WHAT YOU SHOULD DO: Please reproduce every entry, keeping each one exact.

SUPPLIED MATERIAL:
┏━━
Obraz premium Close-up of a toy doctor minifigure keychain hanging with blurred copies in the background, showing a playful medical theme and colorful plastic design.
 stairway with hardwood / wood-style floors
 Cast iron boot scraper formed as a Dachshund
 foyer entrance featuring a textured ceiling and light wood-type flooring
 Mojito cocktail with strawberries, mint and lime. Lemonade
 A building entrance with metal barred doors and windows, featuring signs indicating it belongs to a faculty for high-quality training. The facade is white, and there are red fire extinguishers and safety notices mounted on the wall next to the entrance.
┗━━
ANSWER SPACE:
Obraz premium Close-up of a toy doctor minifigure keychain hanging with blurred copies in the background, showing a playful medical theme and colorful plastic design.
 stairway with hardwood / wood-style floors
 Cast iron boot scraper formed as a Dachshund
 foyer entrance featuring a textured ceiling and light wood-type flooring
 Mojito cocktail with strawberries, mint and lime. Lemonade
 A building entrance with metal barred doors and windows, featuring signs indicating it belongs to a faculty for high-quality training. The facade is white, and there are red fire extinguishers and safety notices mounted on the wall next to the entrance.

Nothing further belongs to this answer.